Start off at the asian market quality green teas that are fairly
inexpensive, and then move into more expensive versions of the ones you
liked from specialty stores or online vendors.


Reading your post makes me wish I could take a course, say an evening
or weekend class, in "How to enjoy fine quality teas". Maybe repeat
once a year at ever higher levels.

I have never seen any such course, and I am quite sure there are none
in my country. Maybe elsewhere?

When I first moved from "Black Currant tea", a black tea flavoured
with fruit concentrate, to Ti Kuan Yin and Pai Mu Tan, my tea merchant
told me that the ultimate goal would be green teas, but that there
could be a long learning curve before I was able to appreciate it
fully.

Twenty years have passed since then.

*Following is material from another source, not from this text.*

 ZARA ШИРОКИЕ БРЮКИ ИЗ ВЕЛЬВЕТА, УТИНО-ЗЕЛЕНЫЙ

I am still moving in the
direction he predicted, and I buy the most expensive teas I can find,
but I have not arrived to the real green ones yet. I think a course
would be nice.

Not online, mind you. There are things you can learn online, but not
this one. (Just to say don't bother setting one up because it'll
flunk.)


Lars
Stockholm


Hiya Lars,

I'm not so sure a class would accomplish much, tea is a personal thing
and I really do not believe in "right" or "wrong" with it. I have only
really been into tea for about 10 years and only high quality and
special teas for about 3. I do however turn a lot of people around me
onto better teas, and over the years have come up wih a pretty good
plan. I also say it a lot but I firmly believe in walking before
running, start off with Asian/Indian market teas. Oolongs, Blacks,
Greens, Whites, Darjeeling, Assam. Nothing expensive, even teabags are
fine. Get a feel for the overall types you like. Then start into them,
progressing into better grades/more expensive options. Then do a little
research and figure out from there where to go next. It helps you taste
and understand what makes one tea "better" than another.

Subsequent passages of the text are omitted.